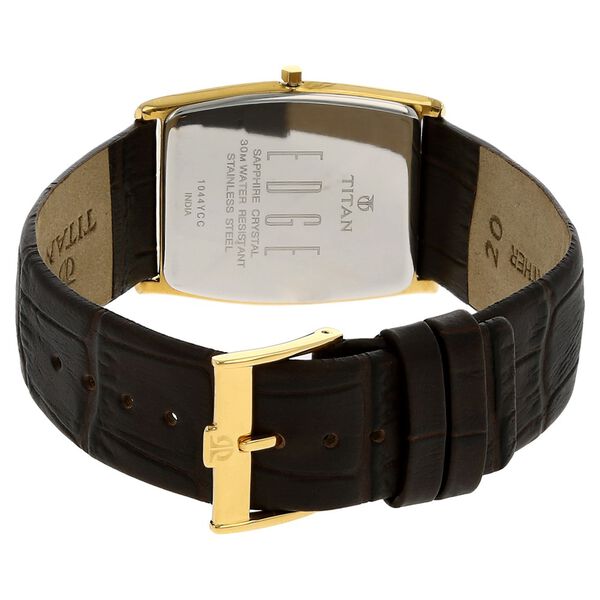 Titan Edge Quartz Analog White Dial Leather Strap Watch for Men - image number 3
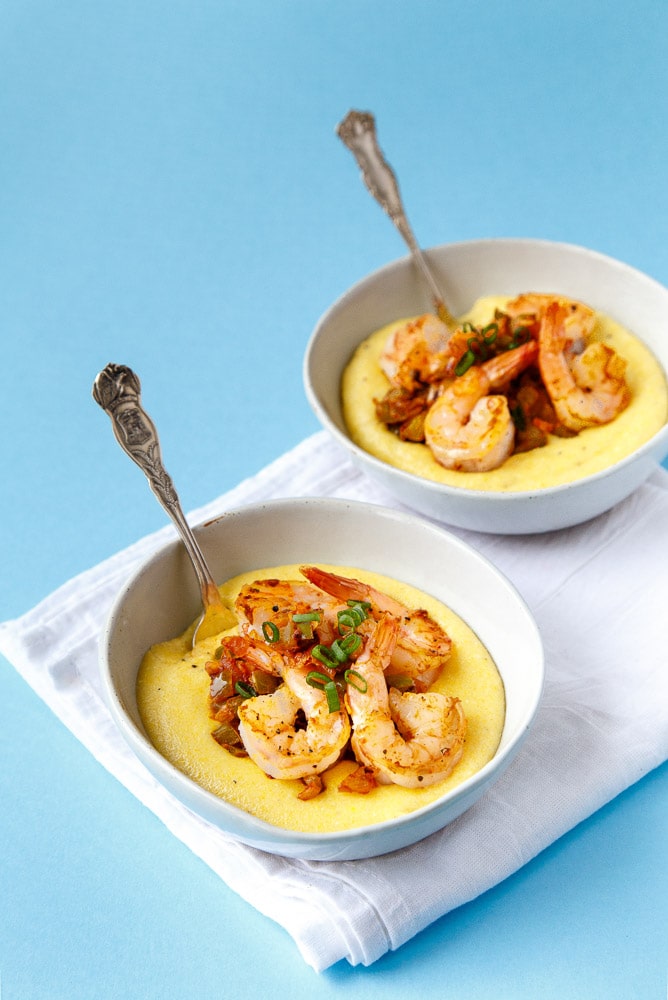 Easy shrimp and grits for two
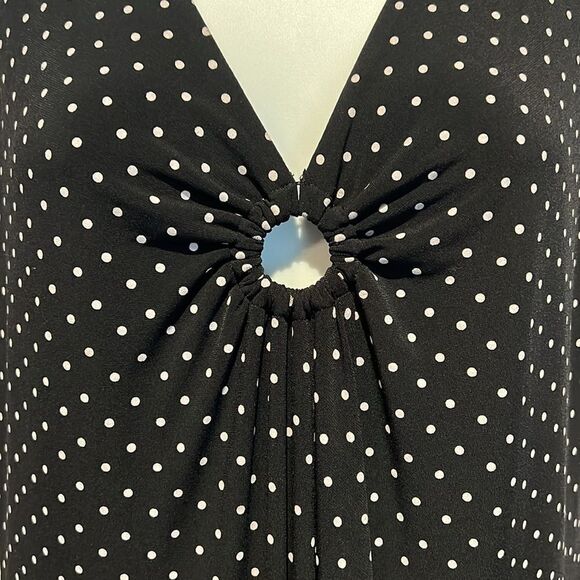 Spanner Black with White Polka Dots Sleeveless V Neck Maxi‎ Dress Size S - Picture 3 of 12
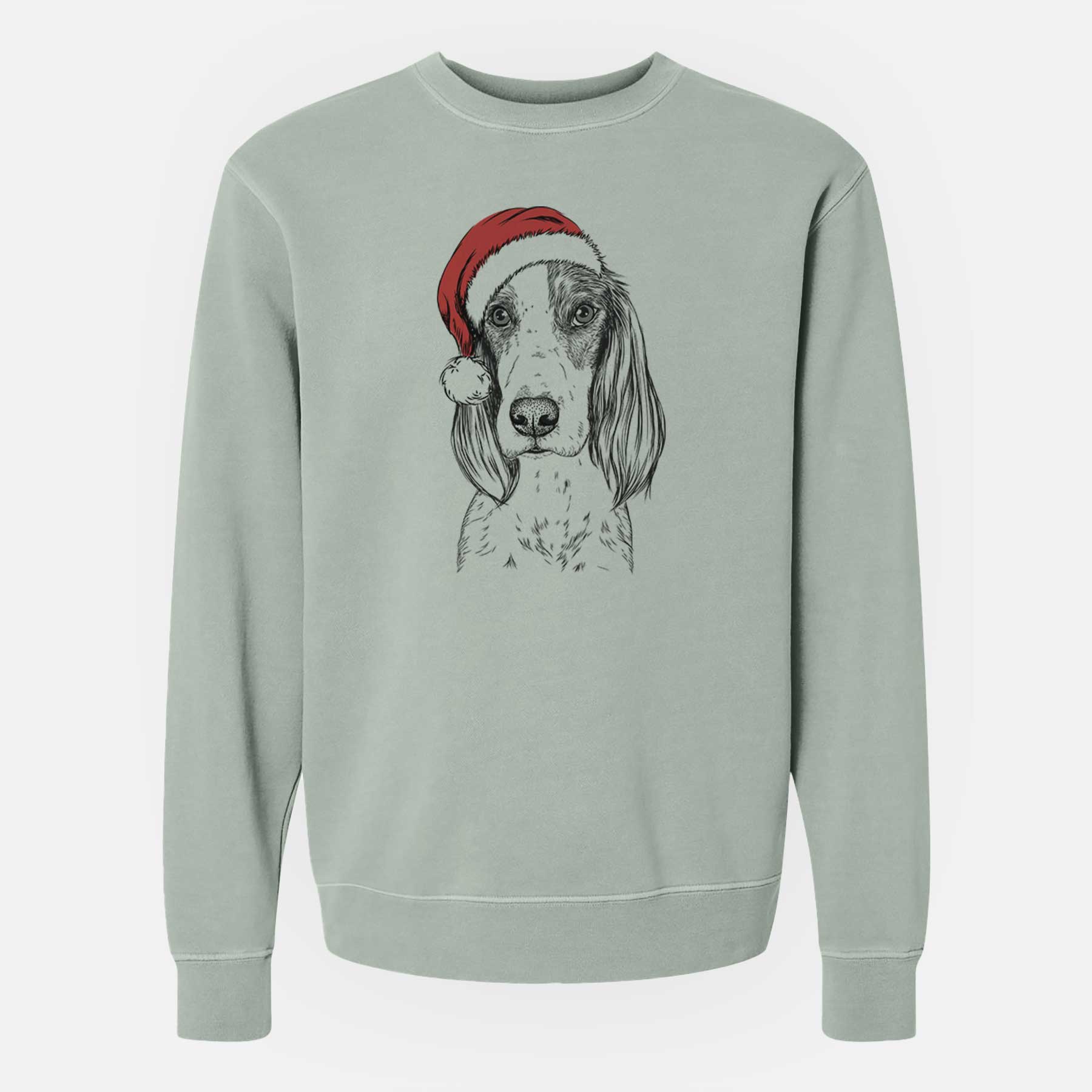 Santa Aline the Irish Red and White Setter - Unisex Pigment Dyed Crew Sweatshirt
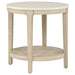 Lucaire round cultured marble top end table in honed cream and sandstone by CoasterEveryday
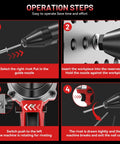 Operation steps for Cordless Rivet Gun Tool Compatible With 18V Max Battery Brushless Automatic Riveter for 1/8 5/32 3/16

■ **THE PROBLEM**:
From the line containing "Santa Aline the" through the last line of the records above, reproduce every line exactly, leaving out the pictures.

■ **ANSWER BOX**:
 Santa Aline the Irish Red and White Setter - Unisex Pigment Dyed Crew Sweatshirt
 Lucaire round cultured marble top end table in honed cream and sandstone by CoasterEveryday
 Operation steps for Cordless Rivet Gun Tool Compatible With 18V Max Battery Brushless Automatic Riveter for 1/8 5/32 3/16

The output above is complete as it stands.